I think this, because in your matrix multiplication examples you used the cublasSetVector function. The cublasSetMatrix function seems to do the same, it just has slightly different parameters.
Matrices are practically always represented as 1D arrays. The cublasSetMatrix-Functions offer some further options for filling individual rows/columns (or, so to say, „sub-matrices“), which are not required when filling the whole matrix.
Of course, some operations that could be added into such a „vector operation utility library“ are straightforward and nearly trivial. In fact, kernels for the implementation of the CUDA math functions could be created with something as simple as a macro in a text editor. A slightly more interesting part might be the API on Java side. Again, there is a straighforward solution for the simplest case:
public static void mapTanf(Pointer input, Pointer output, int size)
And that’s it.
However, every step beyond that bears its own challenges. For example, you mentioned the „mapAddn“ function. It has no direct representation in the CUDA math functions. But is such a basic building block that it should definitely be included. What else do we need? Of course, the first answers are easy to find, just from the tip of my head:
void addf(Pointer input, float valueToAdd, Pointer output, int size) // Add to each
void mulf(Pointer input, float factor, Pointer output, int size) // Multiply each
void addf(Pointer inputA, Pointer inputB, Pointer output, int size) // Element-wise add
void mulf(Pointer inputA, Pointer inputB, Pointer output, int size) // Element-wise mul
...
But you already mentioned one point that goes beyond simple arithmetic: The „mapGt“ function. So there should be a mapGt, mapGte, mapEq, mapNeq, …
What else could we need? Things like scan/reductions, of course.
And permutations.
And…
You see that this will hardly find an end
That’s why I had this idea of writing a general Vector Processing Machine.
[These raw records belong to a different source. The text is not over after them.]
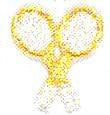 JKM Pair of Tennis Rackets Applique (Iron On)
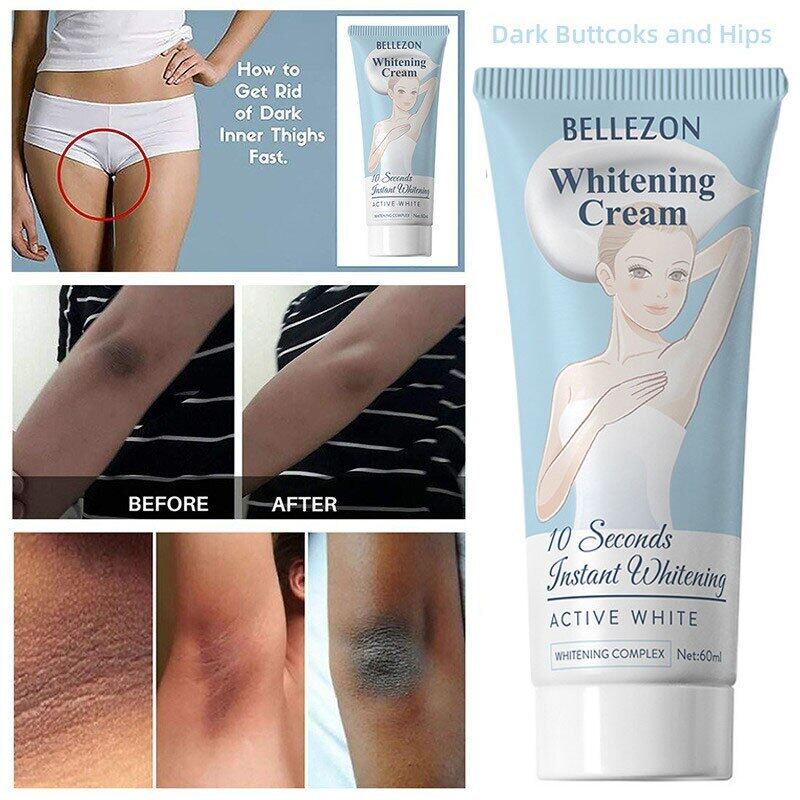 Buy 10 Seconds Instant Bellezon Whitening Cream Underarm Armpit Whitening Cream Legs Knees Private Parts Body Whitening Cream 60ml Singapore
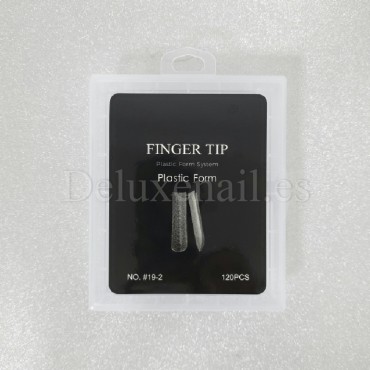 Tips dual system Snake Finger tip plastic form NO.19-2, 120 uds, 10 medidas, patrón serpiente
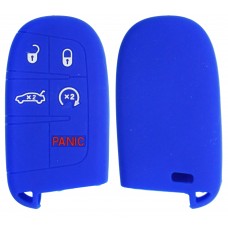 FUNDA DE SILICON PARA CONTROL CHRYSLER tipo bala 5 botones color Azul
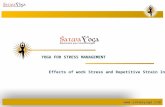 Effects of Work Stress and Repetitive Strain Injuries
This idea was inspired by the NESL language described in the PhD Thesis of Guy Blelloch: „Vector Models for Data-Parallel Computing“, from http://www.cs.cmu.edu/~blelloch/pubs.html (at the bottom of the page - it’s 18 years old, but more up to date than ever…).
I’ve been doing some research about the possible applications and implementations, and most importantly, about the options for chosing the instruction set of such a machine. One could write a Java library with hundreds or thousands (!) of utility functions for specific CUDA kernels. But I wanted to reduce this to a „minimal“ (or at least, very small) instruction set that should be capable of emulating all functions that could possibly be required, and use these functions as building blocks for more complex ones.
So I started this implementation according to the description in the thesis, but basically got stuck at the concept of „segmented vectors“. It is an astonishingly powerful concept, and it does not look very complicated at the first glance, but I found it tremendously hard to implement - and it never worked properly . Maybe I’ll give it another try, but am not sure when I will find the time for that.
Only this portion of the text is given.